# Share some of your goal setting tips



## slyfox (Nov 18, 2007)

Share some of your goal setting tips!

My first tip: When you can, do more than what your goal originally called for. For example, if your goal called for saying "hi" to 10 stangers, say "hi" to an 11th or 12th stranger as well. I do this, because I find that I often rush through a goal. It becomes just a race to get it over with. Rushing to complete a goal, just so you can get out of the social situation, is not a good mindset to have while trying to overcome your sa. Also, when you accomplish more than what your goal originally called for, it gives you a greater level of satisfaction. Start out by setting goals that are easy to surpass.

Who's next?


----------



## Brightpaperwarewolf (Oct 16, 2008)

Don't be afraid to be wrong or mess up and don't let it deter you, act like you are totally confident anyway. We are human and we sometimes cave in, but it's how you respond to failure, how you learn from it that will help you meet your goals.


----------



## Freedom2010 (Jan 29, 2009)

Tthe first step of any goal is the hardest. Once you get started on something, it becomes so much easier.


----------



## slyfox (Nov 18, 2007)

Try to break larger goals into smaller steps.


----------



## Zero From Outer Space (Jan 10, 2005)

Here's one I didn't realize until I read it somewhere: be very specific about your goals.

For example, there are a lot of goals on this board that read like "go to more social gatherings," when the goal should really be "go to church at 7pm on Sunday" or "join the Art Club next week"
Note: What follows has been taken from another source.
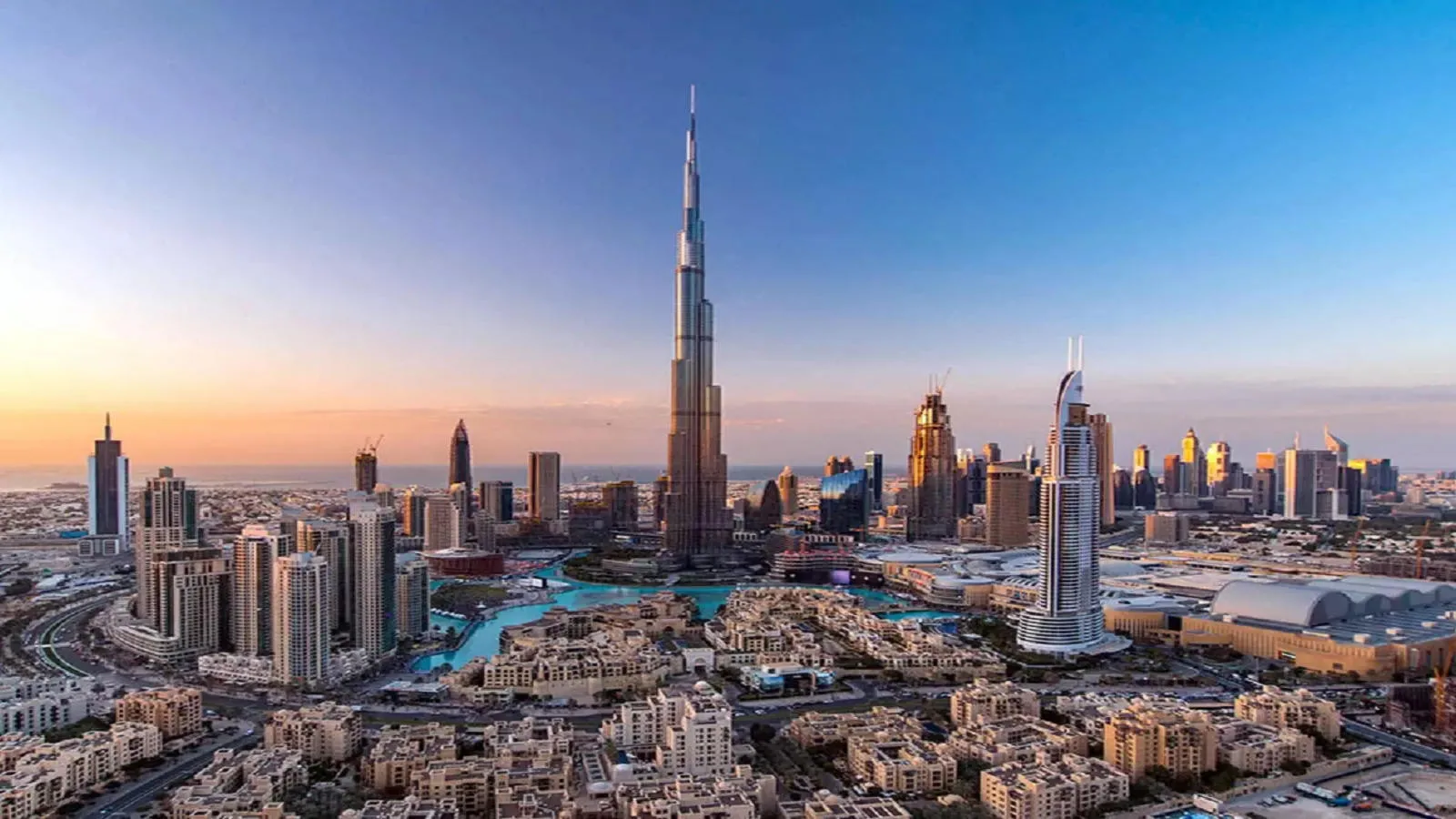 العلامات التجارية الرائدة في الإمارات لعام 2025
It is a simple thing that really helps me think about what my goals really are.


----------



## Sillouhette (Nov 16, 2008)

I have been actively working on setting goals the past few years and following through usually. :yes It's true that you have to take tiny, baby steps because the goal gets closer with each step and it doesn't seem so monumental a task as you move further towards the end/completion. When each step is completed successfully you feel more and more confident that you will see it through to the end. My goals don't usually DON'T involve other people because they are ALWAYS a failure. :| To another person they don't see what I see, in my head. My plans make sense to me but not to others. I guess I am a visionary in that respect.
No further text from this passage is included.